Python-level detection (monkey-patching):
Sockets:
connect,send,sendall,sendto,recv,recv_into,recvfromFiles:
open()(read vs write determined by mode)
Resource identity is derived from the socket’s peer address
(host:port) or the file’s resolved path. Two threads accessing the
same endpoint or file are treated as conflicting; different endpoints are
independent.
C-Level I/O Interception¶
When run under the frontrun CLI, a native LD_PRELOAD library
(libfrontrun_io.so) intercepts libc I/O functions directly. This
covers opaque C extensions — database drivers (libpq, mysqlclient),
Redis clients, HTTP libraries, and anything else that calls libc’s
send(), recv(), read(), write(), etc.
Intercepted functions: connect, send, sendto, sendmsg,
write, writev, recv, recvfrom, recvmsg, read,
readv, close
The library maintains a process-global file-descriptor → resource map:
connect(fd, sockaddr{127.0.0.1:5432}, ...) → fd=7 → "socket:127.0.0.1:5432"
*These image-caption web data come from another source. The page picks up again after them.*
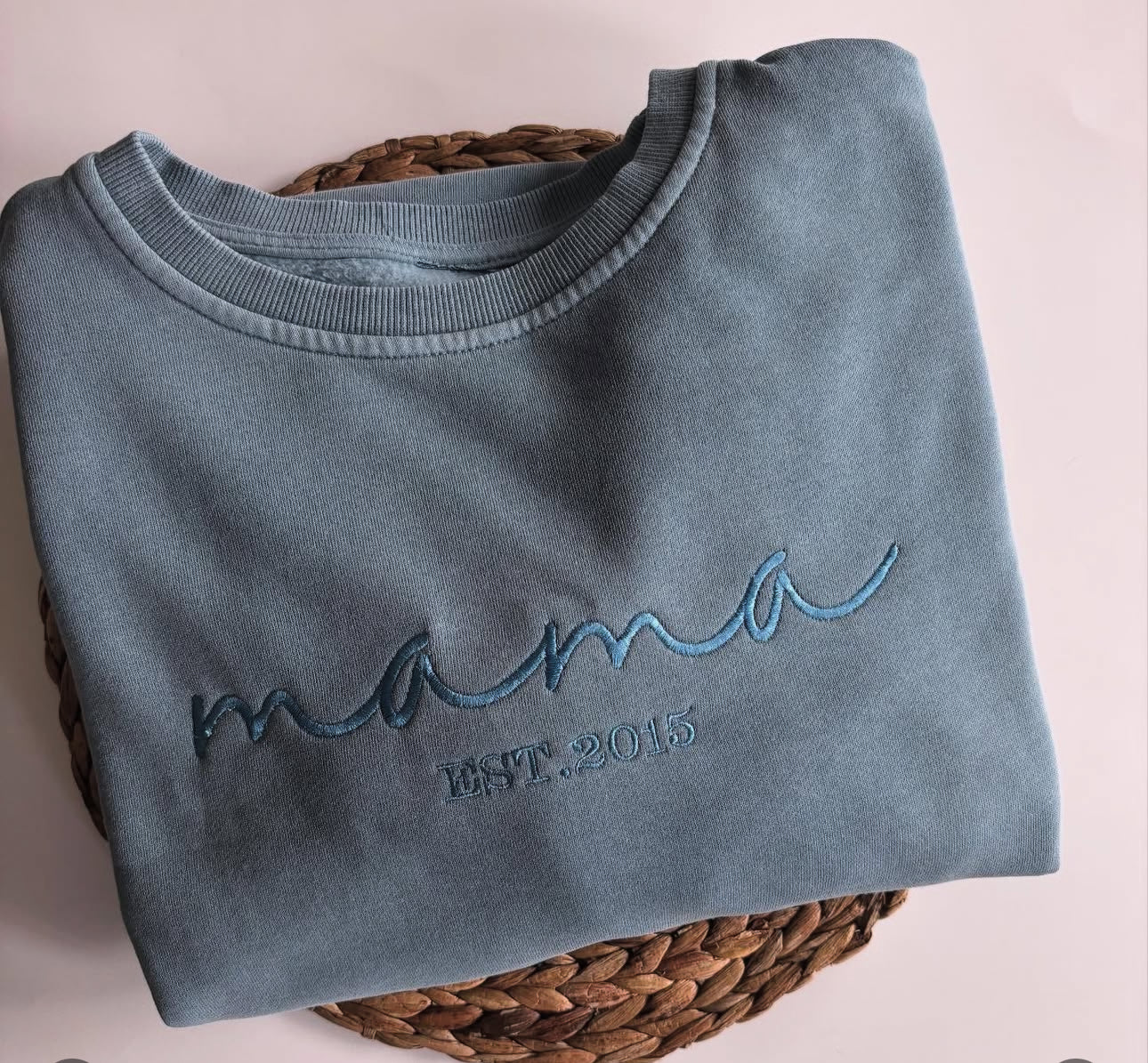 Cursive MAMA Sweatshirt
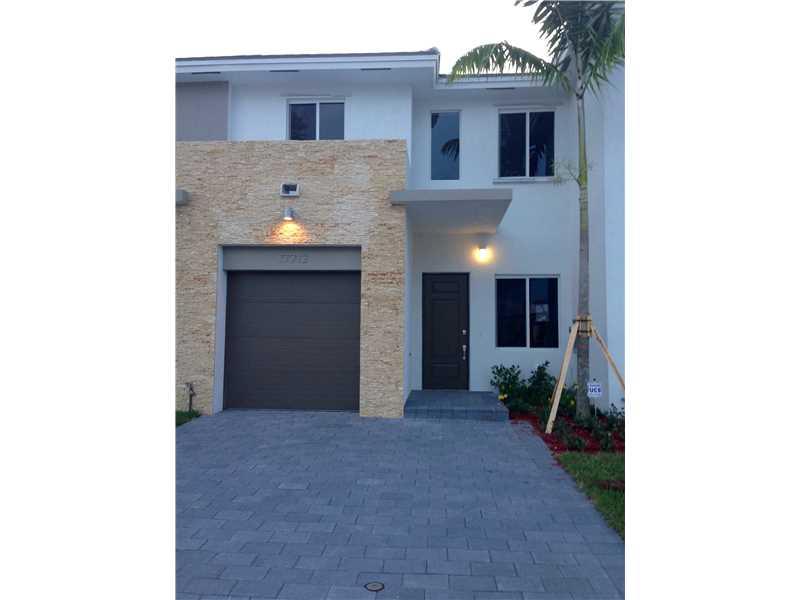 BEAUTIFUL TOWNHOUSE IN RICHMOND WEST TO LIVE WITH FAMILY. COMPLETELY NEW AND REMODELED (WOOD FLOORS, NEW INTERIOR COLOR AND GRANITE TOP IN THE KITCHEN). HURRY IT WON'T LAST!!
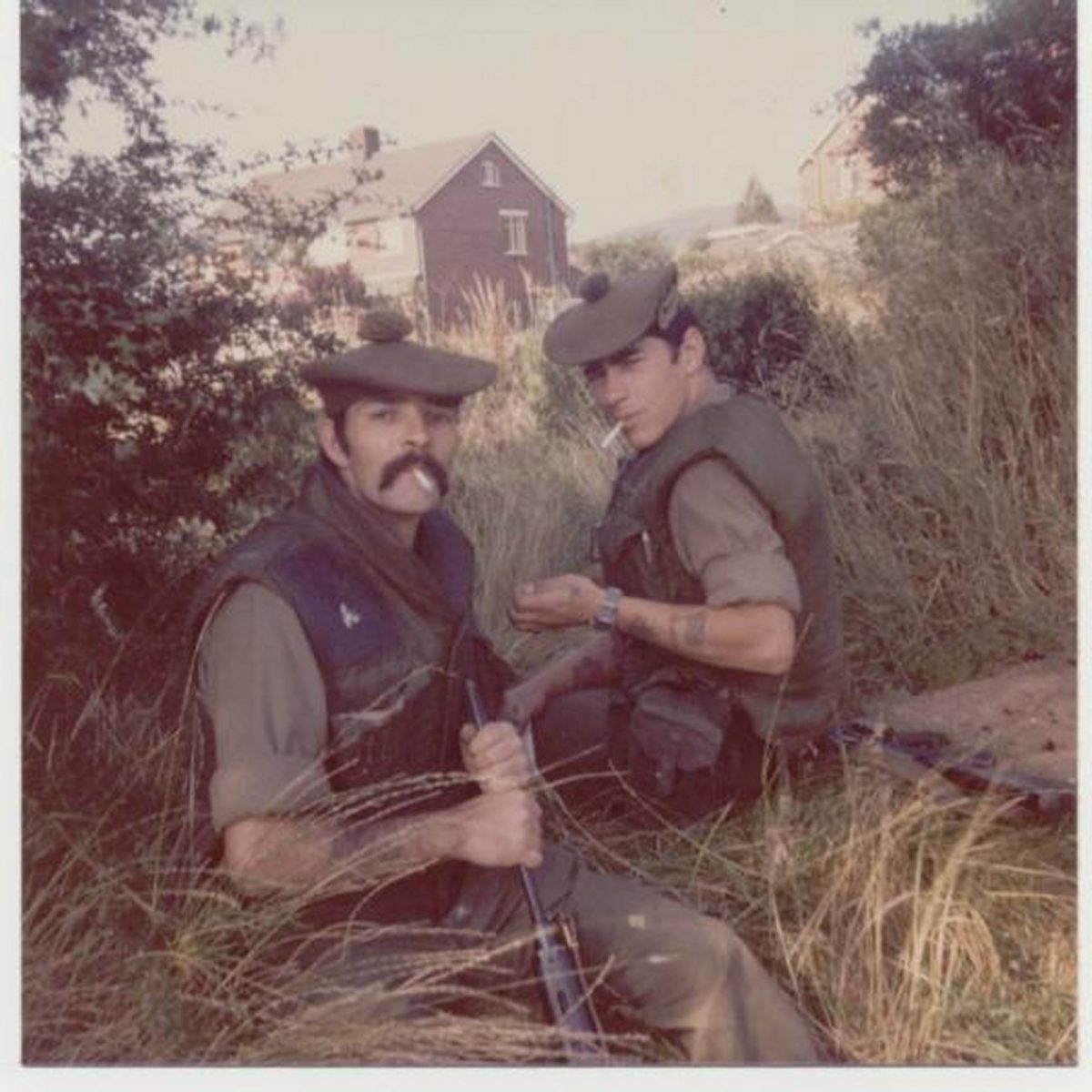 Gordon-Highlanders-Black-Robby-Brian-Jolly.-Fag-Break-on-patrol-in-Belfast-1200x1200.jpg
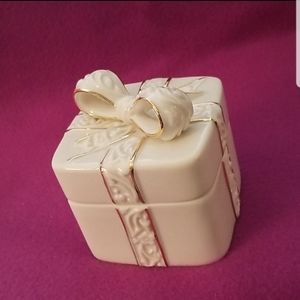 The San Francisco Music Box Company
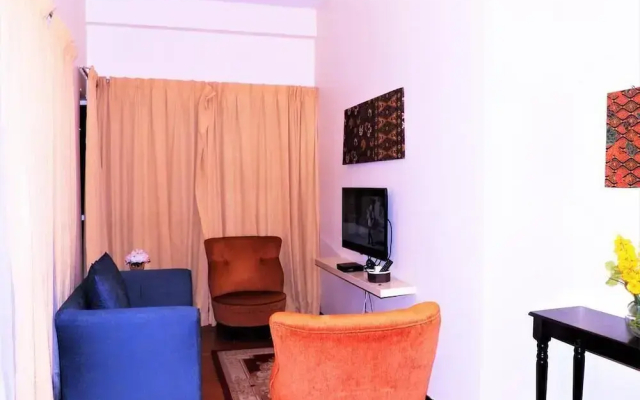 Maytower Apartment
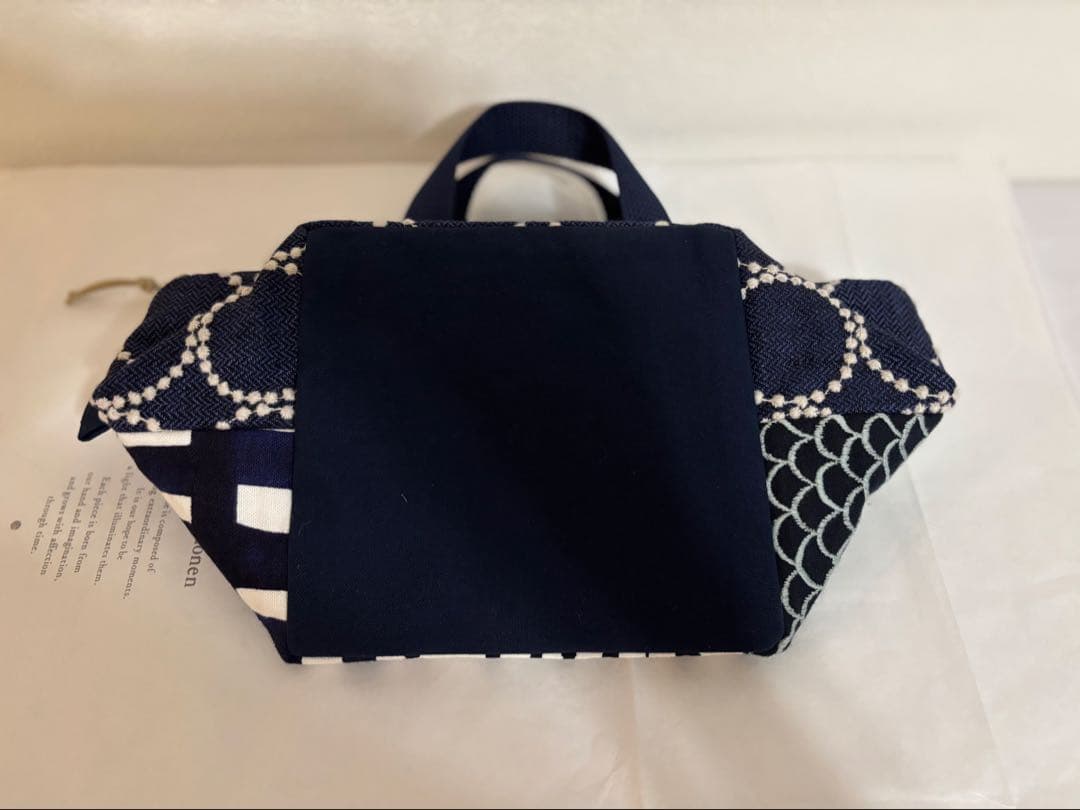 ハンドメイド　ミナ ペルホネン　ピースファブリック　角底トート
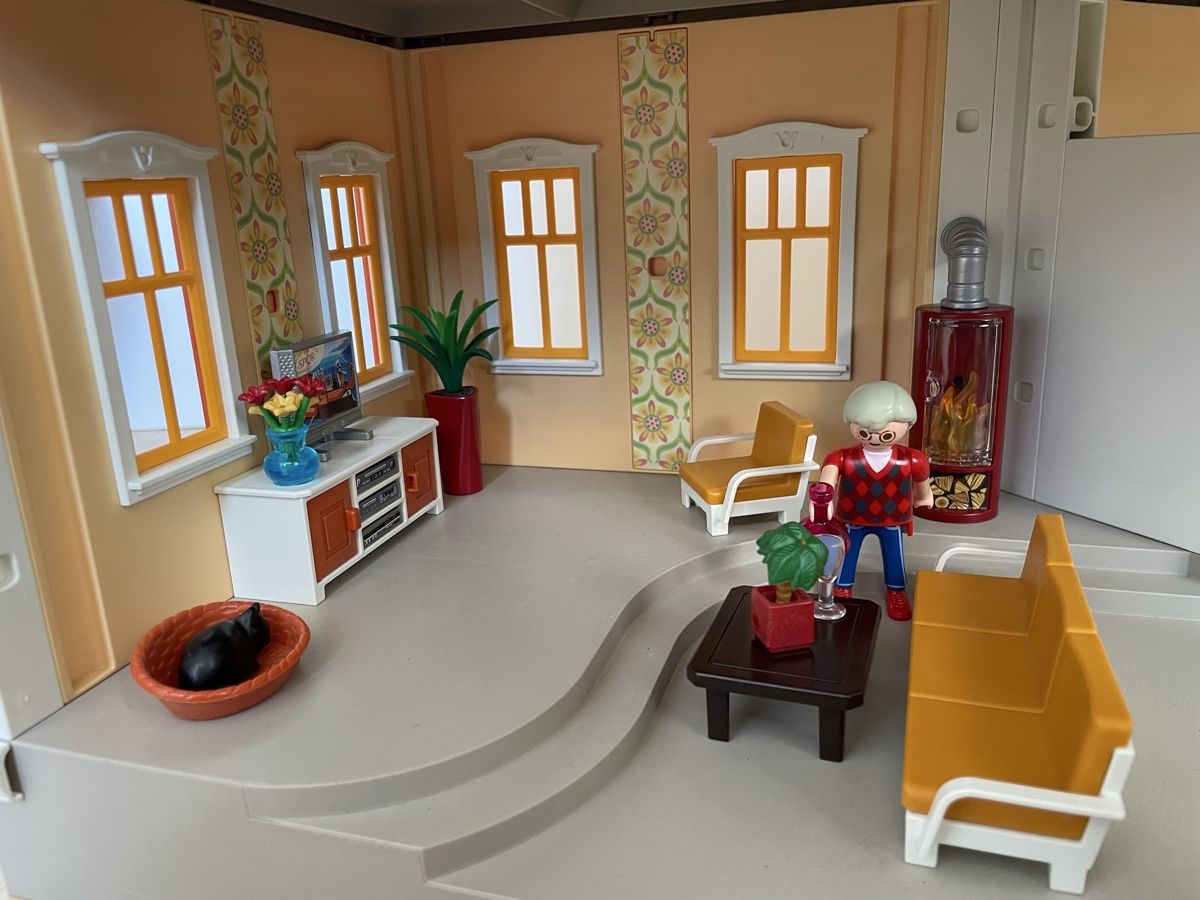 Playmobil Giocattoli: Playmobil 5332 Wohnzimmer  – Usato da Bettwiesen venduto da ele_jy6c 1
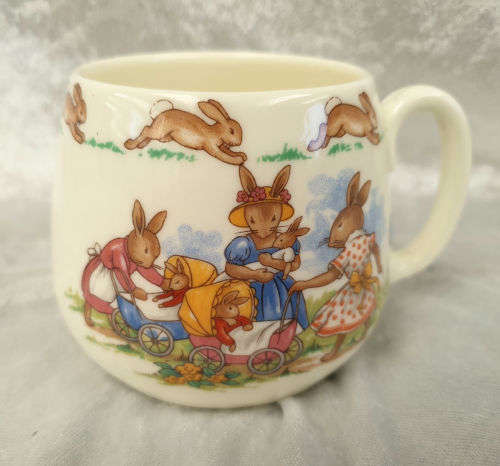 Vintage Royal Doulton Bunnykins Mug  Fine bone China -72x100x85mm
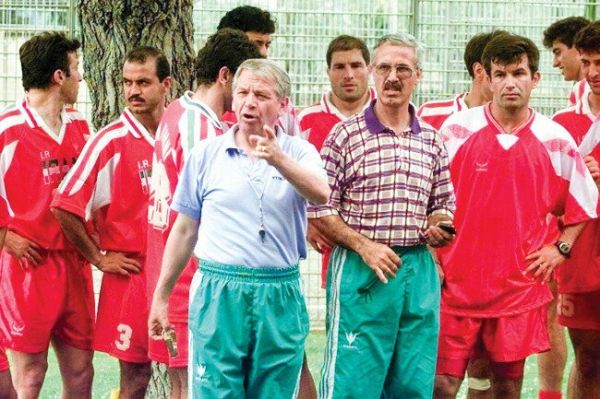 ادامه انتقاد استیلی از ایویچ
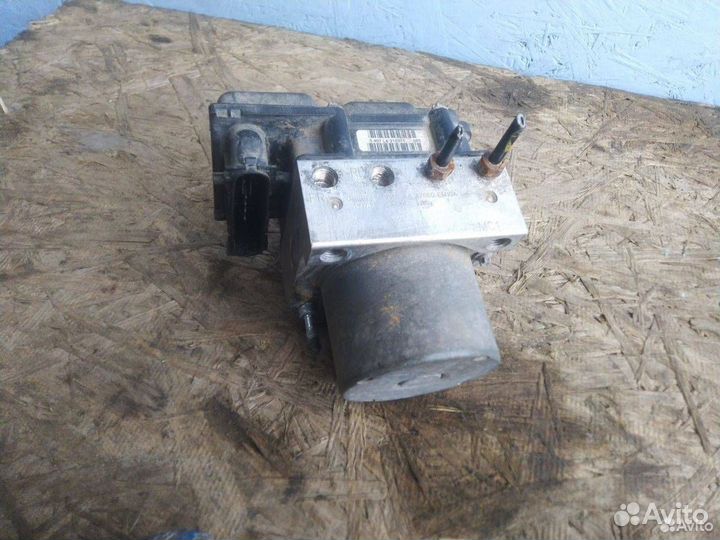 Блок ABS Nissan Tiida C11 (2004 - 2008) 0265800580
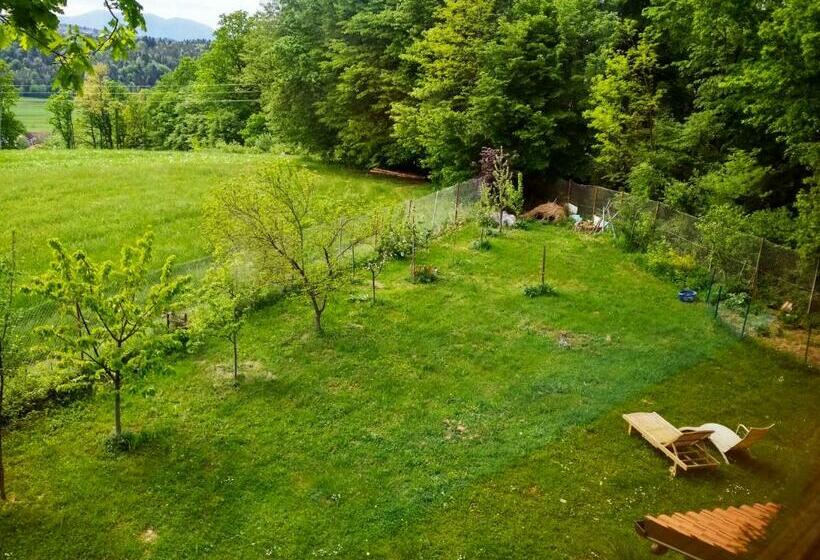 پانسیون Tree House Ramona & Fairytale Wooden House By Ljubljana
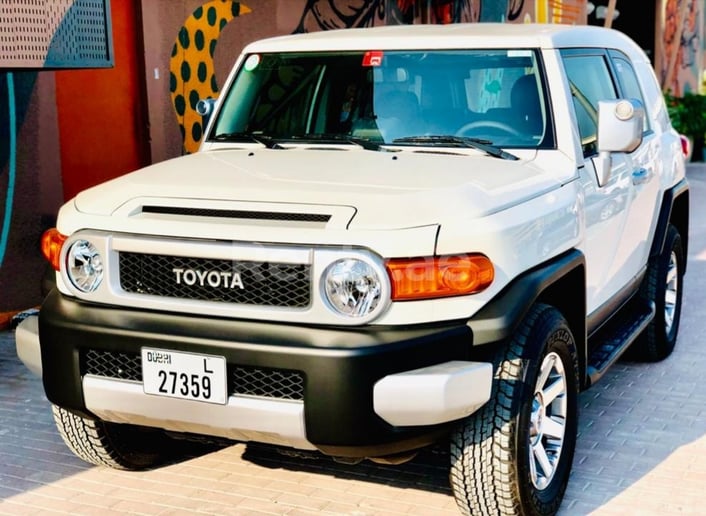 Dubai'de kiralık Toyota FJ Cruiser (Beyaz), 2020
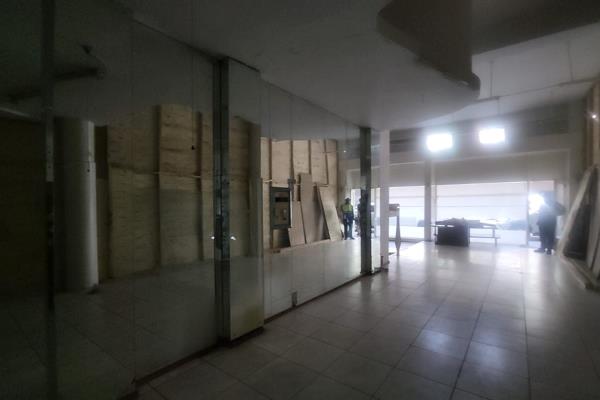 This 364m2 space in Pretoria Central is suited to restaurant, retail, or showroom ...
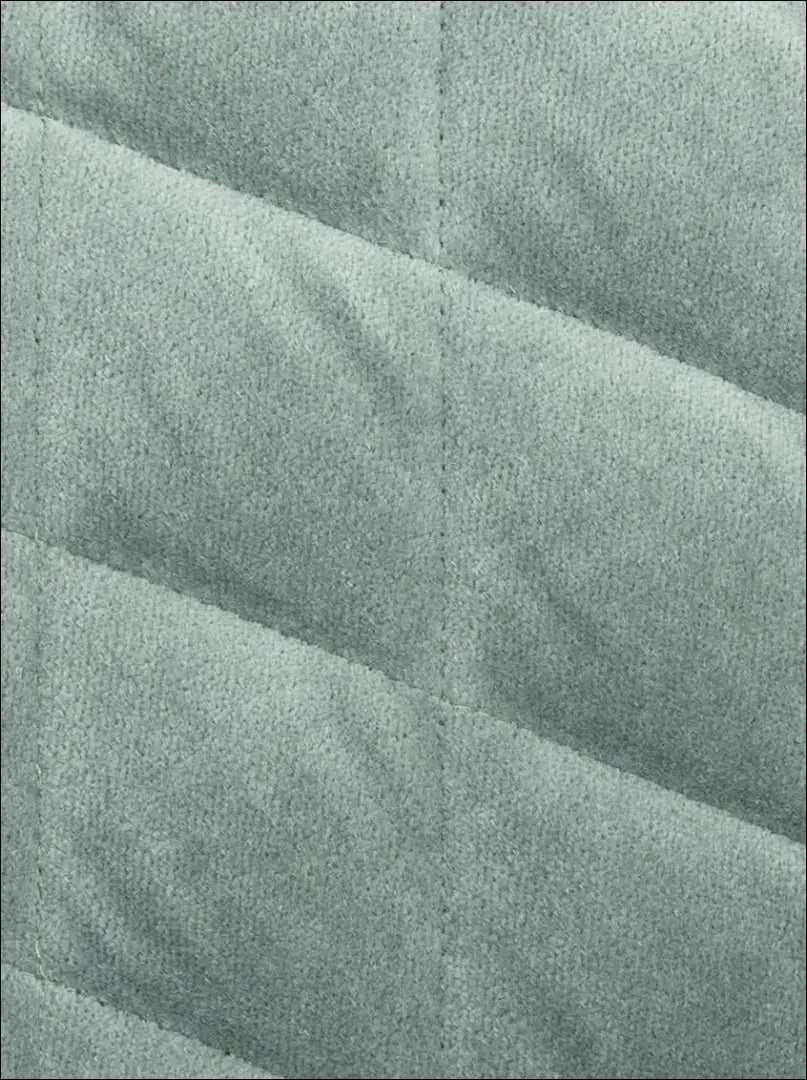 Dekoratyvinė pagalvėlė DI4264 - €13 Save 55% __label:Pristatymas 1-2 d.d., color-zalia, interjeras, material-aksomas,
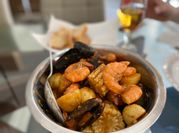 Una foto de mejillones y camarones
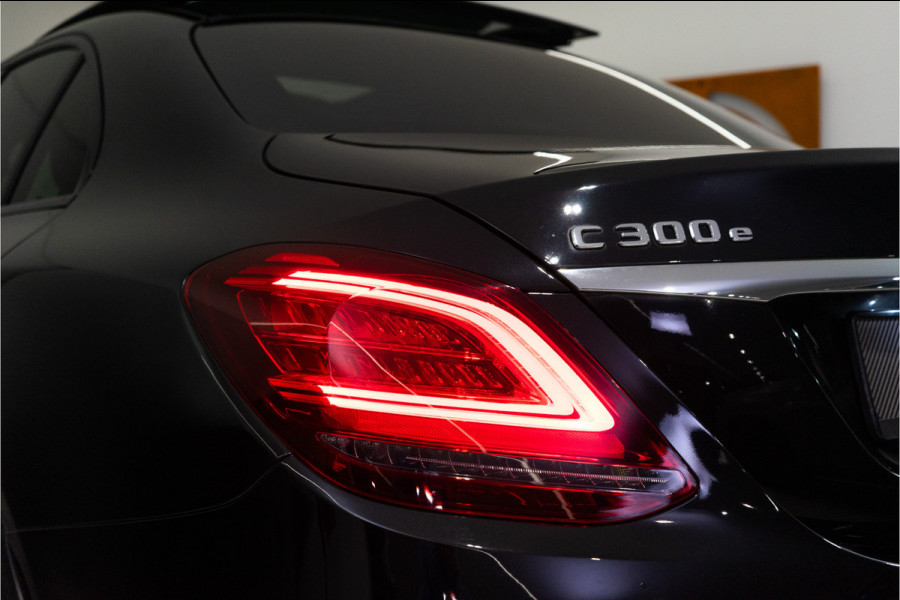 Mercedes-Benz C-Klasse 300 e Premium AMG 313PK | NL AUTO+NAP+1E EIG | Pano | Carplay | Sfeer | 360 | 12 MND Garantie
send(fd=7, ...) → report write to "socket:127.0.0.1:5432"
recv(fd=7, ...) → report read from "socket:127.0.0.1:5432"
close(fd=7) → remove fd=7 from map
Events are logged to a file (set via FRONTRUN_IO_LOG) which the
Python-side DPOR scheduler reads for conflict analysis.
Building:
make build-io # builds and copies libfrontrun_io.so into the frontrun package
Usage:
frontrun pytest -vv tests/ # I/O interception + monkey-patching
frontrun python examples/orm_race.py # same, for scripts